In her books, Vickie Hearne argues that animal happiness is to a large part dependent upon their having jobs that they’re physically and mentally capable of doing. In other words animals enjoy work. Conversely, animal rights people – at least the majority of them – argue the opposite, often insisting that we who own them, as best we can, should return them to their pre-domestic state. For example, they argue that horses should be put out to pasture.
I was indeed fortunate (again, today) to be able to audit the de spooking clinic. I did at times grouse because I so badly wanted to be riding Raudi. However, I got a sense as to what this will be like in taking in the big picture. I also, in
Heather and Rio go through the smoke
taking in the big picture, got to see things that I would not have been able to otherwise.
This, the second day, began with a lecture on horse vision. This alone was worth the price of admission. Most importantly, horses, in passing objects, at first see them distinctly, and then in passing, they get blurry. And at the same time, they get larger. So, you give the horse plenty of rein, and apply leg pressure in passing. Then after, again make contact with the reins and release the leg pressure.

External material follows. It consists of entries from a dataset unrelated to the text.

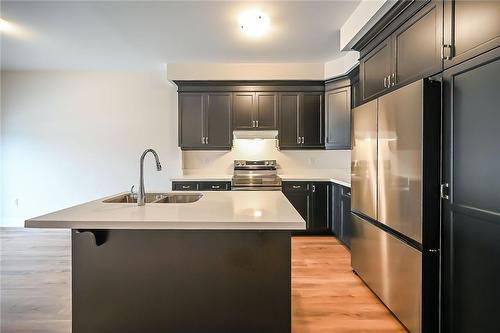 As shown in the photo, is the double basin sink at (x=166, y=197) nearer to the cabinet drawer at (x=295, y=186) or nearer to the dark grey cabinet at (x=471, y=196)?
the dark grey cabinet at (x=471, y=196)

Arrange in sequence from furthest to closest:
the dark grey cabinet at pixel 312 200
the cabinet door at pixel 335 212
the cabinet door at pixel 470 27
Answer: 1. the dark grey cabinet at pixel 312 200
2. the cabinet door at pixel 335 212
3. the cabinet door at pixel 470 27

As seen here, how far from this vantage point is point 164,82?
16.4 feet

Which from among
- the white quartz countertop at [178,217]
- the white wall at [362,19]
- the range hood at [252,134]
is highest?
the white wall at [362,19]

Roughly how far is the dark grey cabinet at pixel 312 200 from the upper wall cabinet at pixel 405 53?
1.82 meters

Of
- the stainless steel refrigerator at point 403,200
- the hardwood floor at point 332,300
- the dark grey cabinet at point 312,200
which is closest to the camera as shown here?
the stainless steel refrigerator at point 403,200

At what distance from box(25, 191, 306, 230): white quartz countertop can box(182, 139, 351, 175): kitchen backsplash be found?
10.1ft

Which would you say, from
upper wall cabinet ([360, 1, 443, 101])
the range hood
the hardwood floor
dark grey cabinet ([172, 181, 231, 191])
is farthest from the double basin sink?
the range hood

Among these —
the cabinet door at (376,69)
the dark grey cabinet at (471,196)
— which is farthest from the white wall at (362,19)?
the dark grey cabinet at (471,196)

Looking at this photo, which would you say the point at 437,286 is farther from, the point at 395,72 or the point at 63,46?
the point at 63,46

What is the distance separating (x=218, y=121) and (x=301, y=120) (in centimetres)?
127

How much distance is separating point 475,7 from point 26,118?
5.97 m

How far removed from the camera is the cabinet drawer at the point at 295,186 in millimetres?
4414

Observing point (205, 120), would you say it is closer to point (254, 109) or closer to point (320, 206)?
point (254, 109)

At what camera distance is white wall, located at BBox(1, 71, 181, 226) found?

I watched riders do this as they went over a bridge, past a police car with a siren and lights going, and through smoke. Oh, yeah, the police car had a barking dog in it. None of this was sprung upon the horses wholesale; rather, everything was introduced slowly and in a very incremental fashion. This was an instance in which things were chunked down.
The most amazing thing of all (and I had an unobstructed view) was how the horses all took to this. I would, last Thursday, have thought (had I seen the afternoon’s grande finale) that this whole deal was a dangerous proposition. Well, here and there, there was some skittering around, and also an occasional spook – but not once did any horse get mad and in horse talk say “I don’t get mad, I get even.” There was no bucking, no rearing, no biting, no nothing. What, in this respect, most impressed me was the horses’ attitudes. As was evidenced by their eyes – soft, and their ears, flicking back and forth, they clearly didn’t mind being where they were.
My friend Heather rode her horse Rio again today. I’ve always felt a little uneasy around him because my perception has always been that he’s a high energy horse. What I came to realize today is that he is not a dangerous horse – rather, he likes to be doing something. For instance, when Heather was saddling him up, I had him repeatedly push on the stall door. Had I jerked on his rope halter and repeatedly yelled at him to stand, he would have had no energy release, and perhaps put us both in danger in an attempt to uncork himself.
Ahh, but Rio also tires of doing things really fast. I didn’t have any treats on me, so I couldn’t reward him for pushing on the door, so I worked on getting him to lower his head by feeding him hay from the ground. Heather handles Rio’s personality type really well. This is something I would not be able to do. I like my moderately busy Icelandic horses. Anyhow, Rio was having a good time all day attempting to figure out what it was that he was supposed to do, and if it was safe for him to do it. He trotted over the bridge, he went through the smoke, he went through the PVC pipe obstacles mostly in a calm fashion. He did jump around some, and once Heather had to repeatedly circle him to get his attention, but he most definitely was not attempting to unseat her.
Now if Rio was a pasture horse and never worked with, he’d be bored, depressed, anxious, and lonely. And Rio isn’t alone. Most other horses are the same way, although not as overt as Rio is.
I think that people are dismissive of horse intelligence because for so long, horses were regarded to be beasts of burden. Their jobs were exclusively at our behest – they pulled plows, they carried soldiers into battle, they moved cattle. The rub is that we bred them to do these things. And the horses that did well at their varied activities were those who were bred again. So, what we ended up with is what we now have – equines that are adept at, and want to do, the jobs that they have been bred to do. Some race, some jump, some do three day eventing, some do dressage, the list is long.
The origin of today’s dressage competitions were military drills which were originally battlefield maneuvers. Battlefield maneuvers are now used to control crowds. So to train police horses is a historical and a genetic complement.
At what cost, animal happiness? My three ponies live in a relatively small paddock where they are fed copious amounts of hay at various intervals during the day. I interact with them all quite a bit. And most days I get them out. I seriously doubt they’d be as happy as they are if I wasn’t tending to their food/shelter/exercise needs.
What I personally learned today is that horses, while they’re wanting and willing to work, look to their riders for guidance. I think that after today, that I’ll do a better job of being their mounted leader.